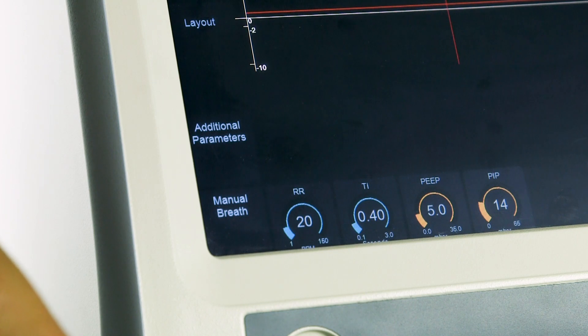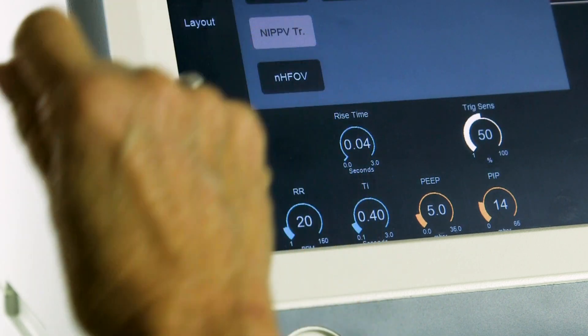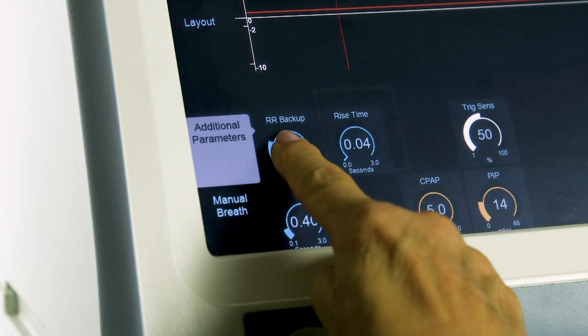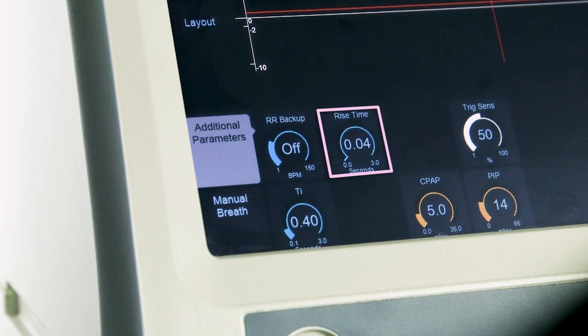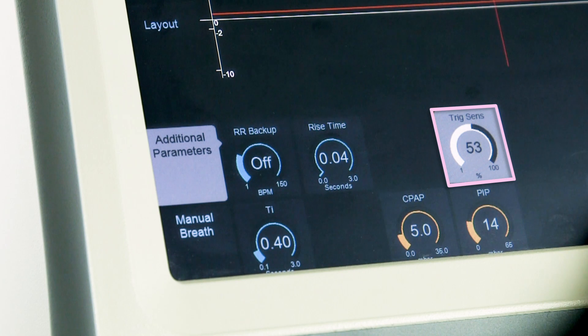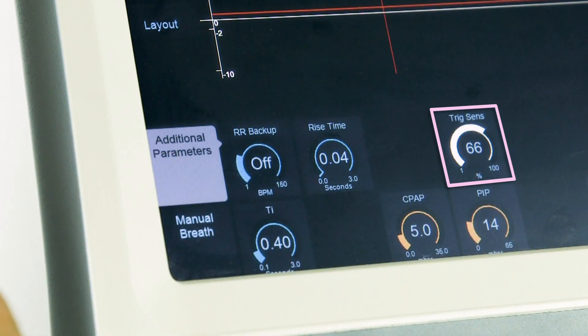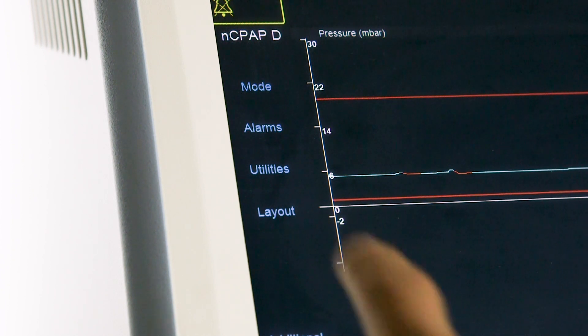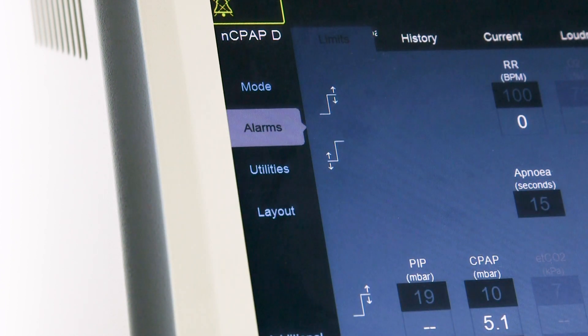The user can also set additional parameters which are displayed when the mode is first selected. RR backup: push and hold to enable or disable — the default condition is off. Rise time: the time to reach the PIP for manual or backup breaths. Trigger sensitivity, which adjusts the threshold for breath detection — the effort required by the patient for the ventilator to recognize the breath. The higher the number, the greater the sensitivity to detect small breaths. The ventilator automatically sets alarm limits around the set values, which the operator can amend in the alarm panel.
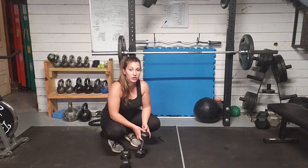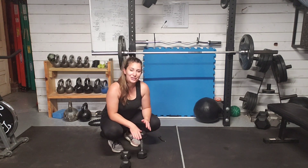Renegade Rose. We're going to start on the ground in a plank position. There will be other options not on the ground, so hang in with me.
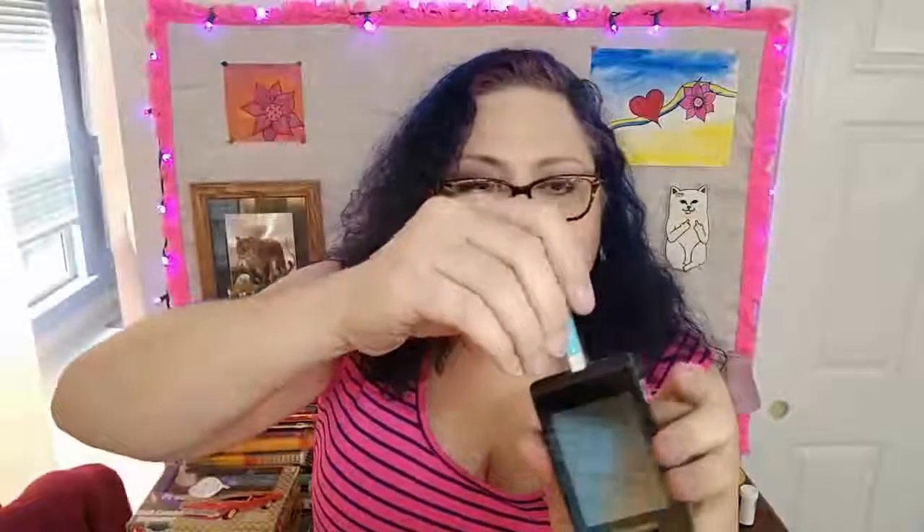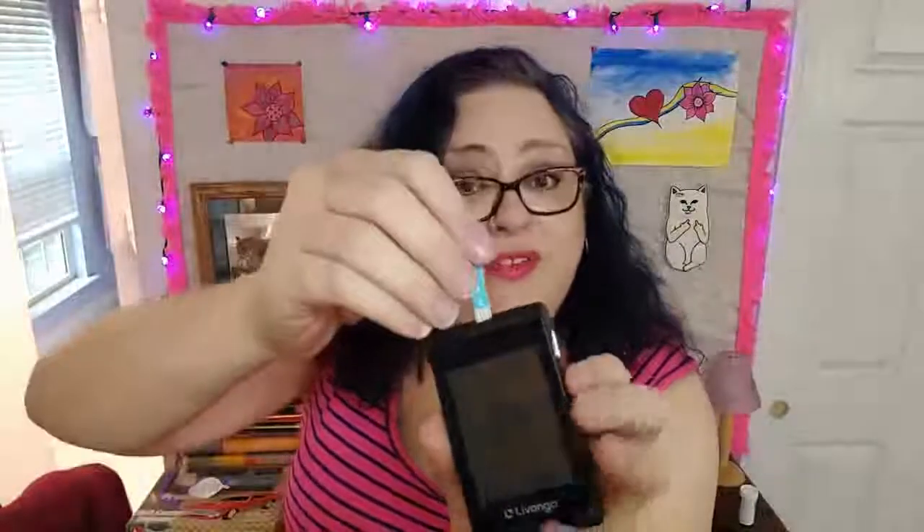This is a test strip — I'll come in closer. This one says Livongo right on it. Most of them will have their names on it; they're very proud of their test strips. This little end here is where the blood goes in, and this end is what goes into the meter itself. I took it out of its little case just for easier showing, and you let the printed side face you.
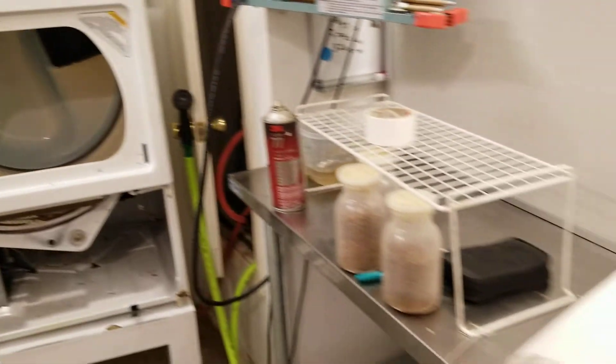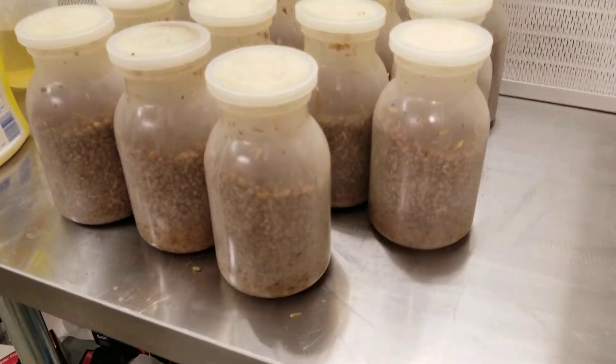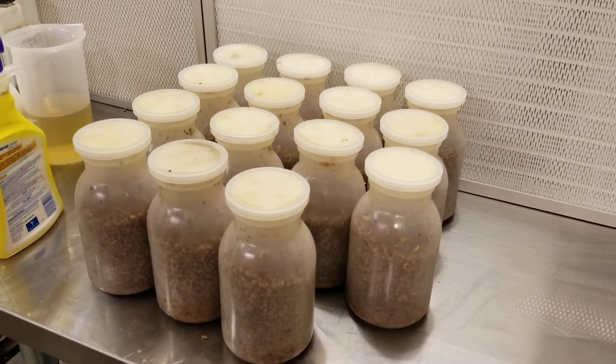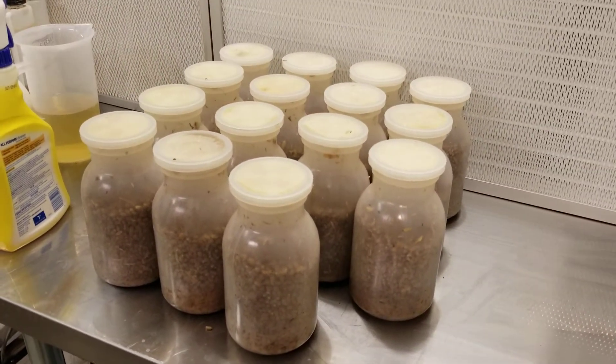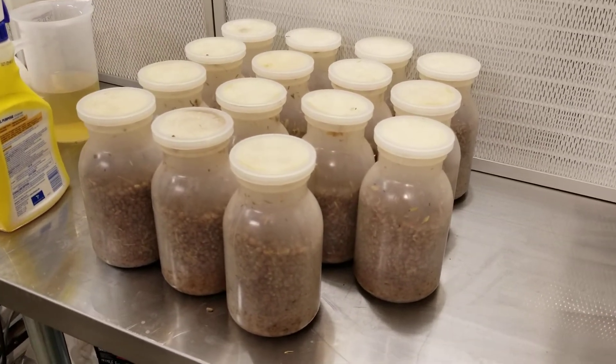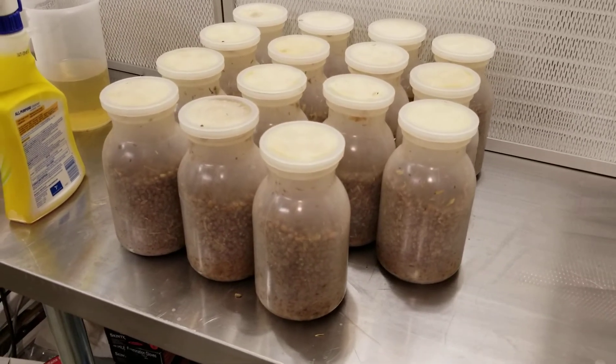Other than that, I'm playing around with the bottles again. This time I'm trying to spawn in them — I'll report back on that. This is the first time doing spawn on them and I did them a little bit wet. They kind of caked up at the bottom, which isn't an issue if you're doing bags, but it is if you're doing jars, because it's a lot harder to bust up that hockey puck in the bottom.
* * *
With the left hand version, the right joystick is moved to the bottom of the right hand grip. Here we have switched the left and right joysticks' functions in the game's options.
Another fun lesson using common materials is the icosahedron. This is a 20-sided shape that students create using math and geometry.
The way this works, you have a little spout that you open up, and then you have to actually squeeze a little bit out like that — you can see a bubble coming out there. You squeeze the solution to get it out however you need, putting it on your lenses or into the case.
==
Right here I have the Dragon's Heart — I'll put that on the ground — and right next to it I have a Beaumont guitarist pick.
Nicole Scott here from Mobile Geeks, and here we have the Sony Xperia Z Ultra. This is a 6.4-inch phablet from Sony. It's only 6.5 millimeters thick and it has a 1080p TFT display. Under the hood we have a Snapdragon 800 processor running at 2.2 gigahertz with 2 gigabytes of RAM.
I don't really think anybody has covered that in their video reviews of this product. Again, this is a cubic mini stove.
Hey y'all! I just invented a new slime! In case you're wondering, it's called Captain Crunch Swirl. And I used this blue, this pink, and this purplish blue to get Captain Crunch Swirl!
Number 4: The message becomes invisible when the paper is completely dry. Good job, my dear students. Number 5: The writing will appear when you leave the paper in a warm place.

Required work: Transcribe the records above from the line holding "Right here I" down to the line holding "Number 4: The", inclusive, without adding anything.

Exercise solution:
Right here I have the Dragon's Heart — I'll put that on the ground — and right next to it I have a Beaumont guitarist pick.
Nicole Scott here from Mobile Geeks, and here we have the Sony Xperia Z Ultra. This is a 6.4-inch phablet from Sony. It's only 6.5 millimeters thick and it has a 1080p TFT display. Under the hood we have a Snapdragon 800 processor running at 2.2 gigahertz with 2 gigabytes of RAM.
I don't really think anybody has covered that in their video reviews of this product. Again, this is a cubic mini stove.
Hey y'all! I just invented a new slime! In case you're wondering, it's called Captain Crunch Swirl. And I used this blue, this pink, and this purplish blue to get Captain Crunch Swirl!
Number 4: The message becomes invisible when the paper is completely dry. Good job, my dear students. Number 5: The writing will appear when you leave the paper in a warm place.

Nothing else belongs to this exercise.